Here, we have used all the sound sources from [23] [24] except market noise, railway platform noise and train horn noise shown in Table II . This market, railway platform and train horn noises has been recorded from the respective environment. Football ground, market, car, railway platform, train horn and exhibition hall noisy signal was sampled at 16000 Hz and white, pink, cockpit, wind and factory noise are sampled at 8000 Hz. Due to the parallel nature of the proposed architecture and avoid sequential execution in software platform, we are implemented our design in FPGA. To compare our design with existing works [1] [7] [3],we have implemented [1] [7] [3] in FPGA because no such hardware implementation was found in the respective literature.

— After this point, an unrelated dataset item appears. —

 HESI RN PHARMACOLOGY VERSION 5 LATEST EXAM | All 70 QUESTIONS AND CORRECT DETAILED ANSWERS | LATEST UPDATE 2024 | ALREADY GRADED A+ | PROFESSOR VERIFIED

The device utilization of our implementation is shown in Table 1 .. In Table 3 , gives the system delay where only magnitude or phase operations are taking into account due to their parallel nature. Overall system unit delay of this design is 604 and execute in Xilinx Spartan-6 LX45 FPGA. The time requirement for execution of the proposed design on Xilinx Spartan-6 LX45 FPGA board is 6.04microseconds where the board clock frequency is 100M Hz. In Table 2 , we compared the signal to noise ratio for all four methods from low Fig. 7a . We observed that proposed method provides best result in every case in all SNR conditions. The melioration of the train horn noise was not outstripped due to high baseline. Time scope representation of the hardware implementation of MSS, MBMSS, MPSS and MBMPSS are shown in Fig. 7b . So, we can conclude that our proposed design significantly outstrip the other existing methods in terms of SNR mainly. 
Conclusion
In this paper, we have proposed a novel hardware design for speech enhancement based on the spectral subtraction algorithm. The subtraction procedure is performed on both magnitude and phase spectrum of the different frequency bands. In this way we are able to eliminate noise from high SNR signals as well as low SNR signals for the different frequency bands. FPGA based hardware implementation of the proposed architecture gives better performance in-terms of SNR and throughput over the existing architectures of MSS, MPSS, MBMSS.